Vengo de un funeral que se ha cerrado con el canto religioso y solemne de La internacional. Como ocurre con las oraciones del cristianismo me ha parecido que la mayoría de los presentes ni se sabían la letra de lo que tarareaban a medias ni se sentían cómodos interpretando la liturgia del puño izquierdo alzado. Estamos olvidando las plegarias de nuestros padres, aquellas oraciones que rezaban con el máximo recogimiento para darse valor en los momentos en que la vida se pone cuesta arriba.
La vida sigue poniéndose caprichosamente cuesta arriba. Pero si ya no rezamos es porque estamos muy entrenados en el arte de distraernos.
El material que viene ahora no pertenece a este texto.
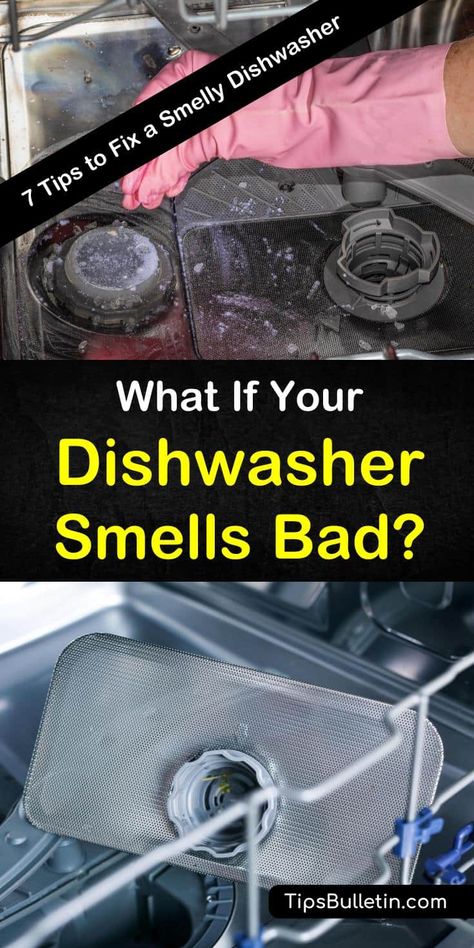 7 Simple Ways to Fix a Dishwasher that Smells Bad Dishwasher Smells Bad, Smelly Dishwasher, Dishwasher Smell, Clean With Vinegar, Dishwasher Cleaner, Kitchen Smells, Cleaner Recipes, Vinegar Cleaning, Cleaning Agent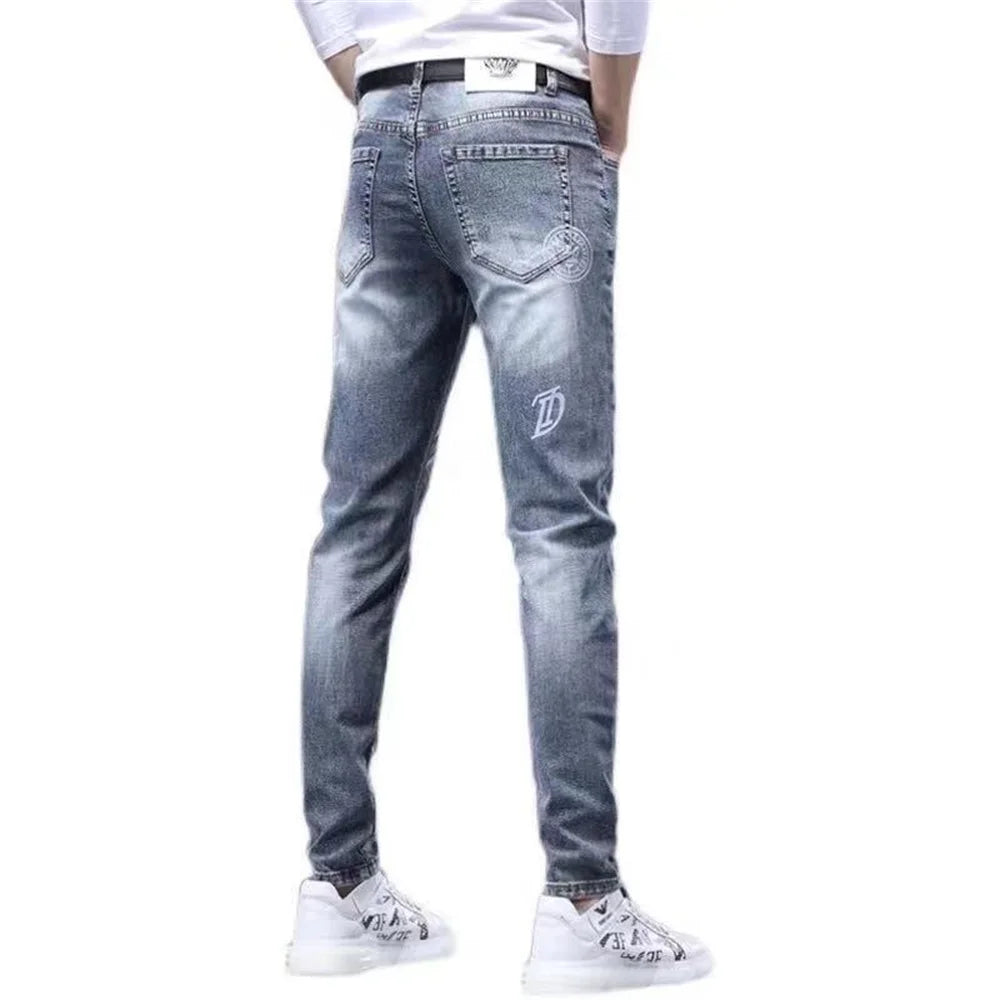 Mens Stretch Fashion Print Jeans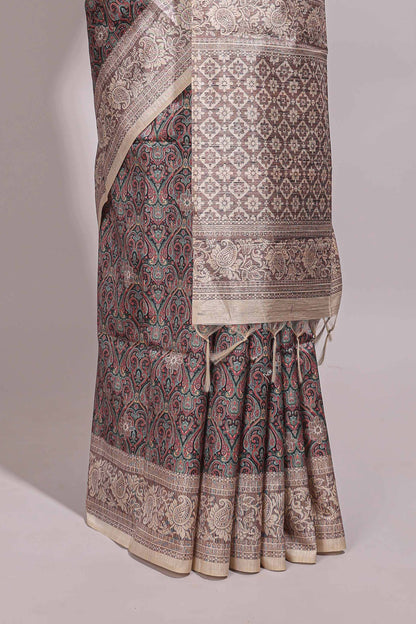 Multi color all over floral design semi tussar saree with contrast border and floral printed blouse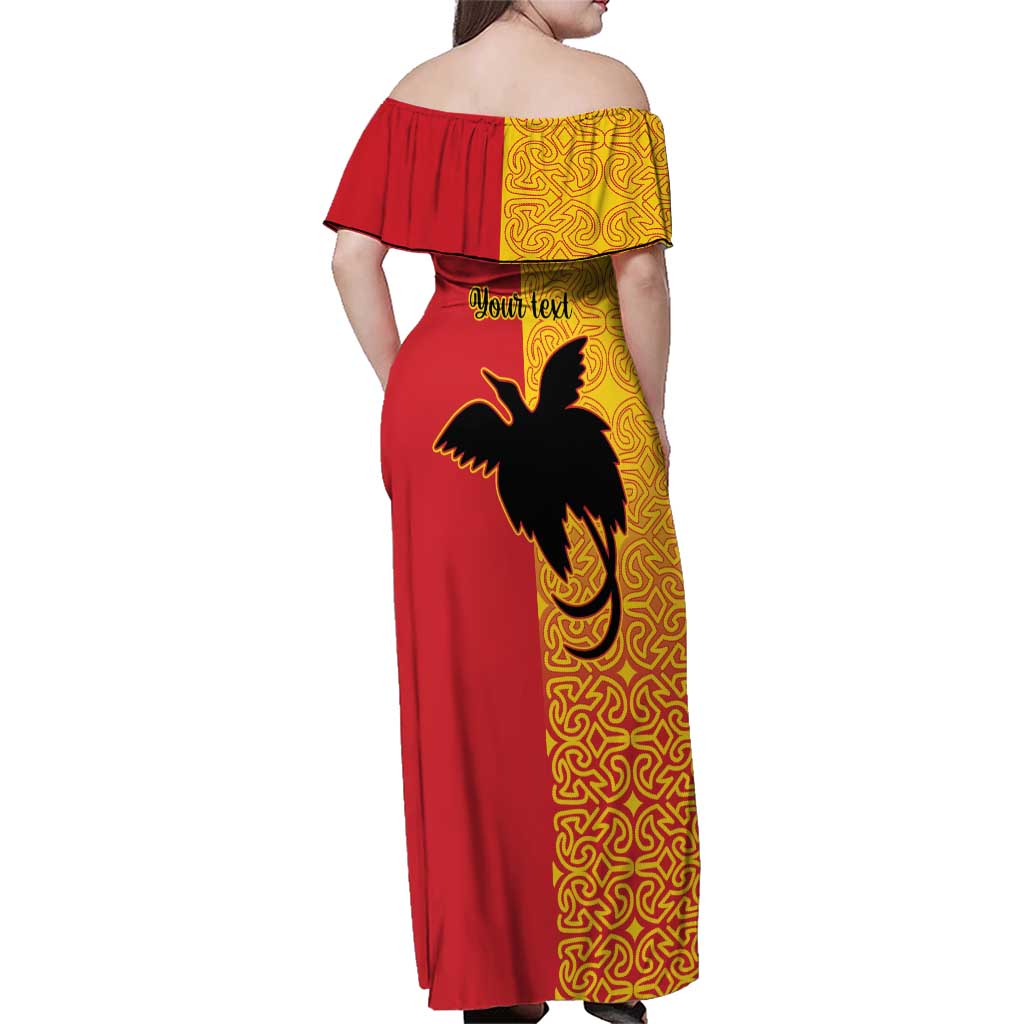 Papua New Guinea Oro Tapa Personalised Family Matching Off Shoulder Maxi Dress and Hawaiian Shirt Simple Bird of Paradise Style - Polynesian Pride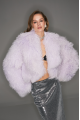 Short lavender llama fur coat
Del difunto se ha dicho lo necesario: que era bueno. Entendámonos: que era bueno de acuerdo con lo que los congregados entienden por bondad. Pero bueno, al fin. Nadie diría de un difunto en su funeral que era una mala persona. Y en torno a las cenizas de la bondad, hemos rezado. O, al menos, hemos convocado a las oraciones de rigor.
Añado algo de suma importancia, para no herir a nadie: Todo lo que he sentido en el funeral me ha parecido sincero, emotivo y entrañable. Y creo, por todo lo que sé, que el difunto era alguien realmente excepcional. Lo que hay aquí no es una crónica de un funeral concreto, sino un intento de reflexionar sobre las despedidas.